EXERCISE OBJECTIVE → The answer should be the exact lines from the line containing "Spunked girlie Rina" through the last line of the material below, with no pictures.

DATA PROVIDED →

※ ※ ※

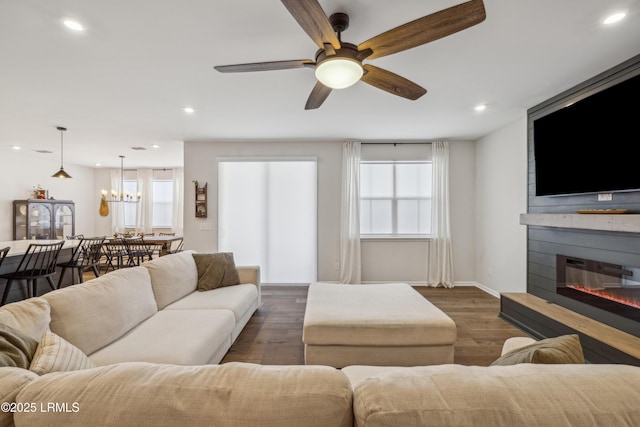 living room featuring plenty of natural light, a fireplace, dark hardwood / wood-style flooring, and ceiling fan with notable chandelier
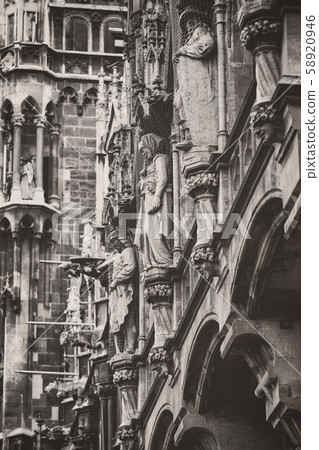 Elements of architecture and statues of the new city hall on Marienplatz in the center of Munich.  58920946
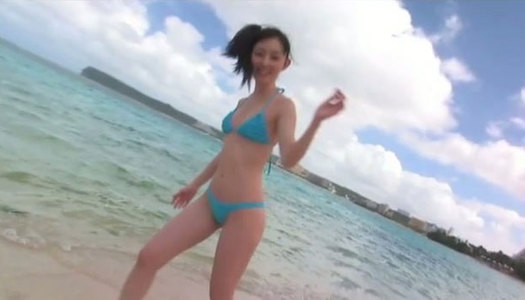 Spunked girlie Rina Akiyama goes to the beach to show her splendid body porn pics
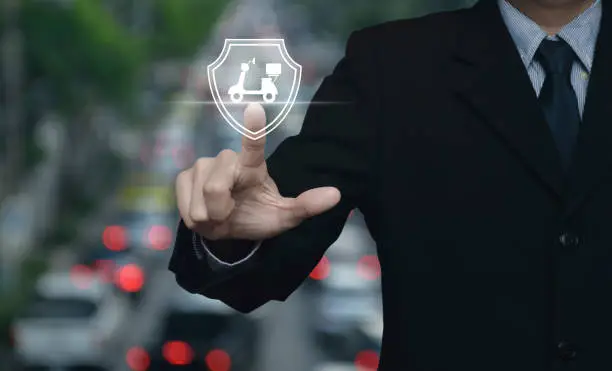 Businessman pressing motorcycle with shield flat icon over blur of rush hour with cars and road in city, Business motorbike insurance concept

※ ※ ※

EXERCISE SOLUTION →
 Spunked girlie Rina Akiyama goes to the beach to show her splendid body porn pics
 Businessman pressing motorcycle with shield flat icon over blur of rush hour with cars and road in city, Business motorbike insurance concept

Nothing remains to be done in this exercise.